Re: [CR]re:maillard 600 hubs

(Example: Racing:Beryl Burton)

From: "dddd" <dddd@pacbell.net>
To: "Classic Rendezvous" <classicrendezvous@bikelist.org>
References: <20050506160036.82524.qmail@web81302.mail.yahoo.com>
Subject: Re: [CR]re:maillard 600 hubs
Date: Fri, 6 May 2005 15:11:40 -0700
reply-type=original


----- Original Message -----
From: marc garcia
Sent: Friday, May 06, 2005 9:00 AM
Subject: [CR]re:maillard 600 hubs



> thank you all for the info on these hubs. The bottle
> opener tool, wasn't that only for helicomatic hubs?
> These wheels came with a nice shimano freewheel.
>
> Speaking of shimano freewheels, for the past month or
> so I've been running a narrow 7 speed shimano dura ace
> freewheel on my raleigh pro and I love it. The
> machined teeth which are obviously meant for indexed
> shifting allow for very easy and quick shifting. Dare
> I say it's almost like having indexed shifting. has
> anyone else run a similar set up? any draw backs?

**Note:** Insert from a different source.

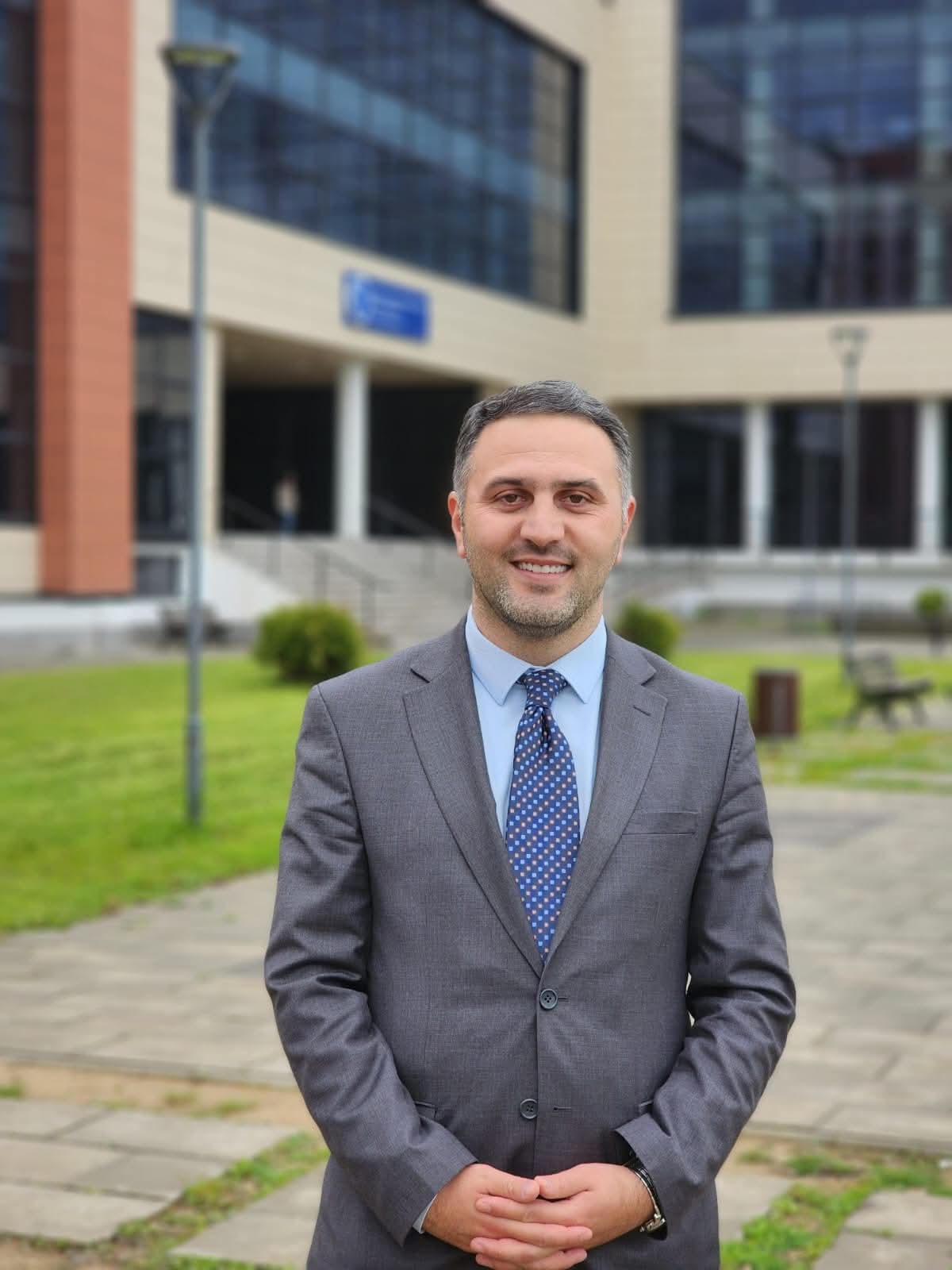 Zahir Çerkini Fiton Bursën Ndërkombëtare SHER Fellowships Për Kërkime Të Post-doktoraturës Në Austri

Yes, I have a Trek 710 with Dura-Ace 7-sp FW (12-26) and it shifts unbelieveably well with a Duopar and Suntour Aero Symmetric self-trimming shifters. The crank is a 30-40-49 AT triple and the chain is modern Sachs. The shifting is so good it hardly slows me down to use this ~24-pound bike on our most severe, hilly training rides.

The Helicomatics I've had (I still have one 6-speeder) were all narrow-spaced. For friction shifting, I would think standard spacing would work better (the Trek 710 with it's smooth-shifting Shimano FW notwithstanding). I recall the Heli freewheel cone race could be tricky to tighten. I re-shimmed mine to rid some clicking noise and later the ring came loose. Found a rock and a nail to tighten it and ride home.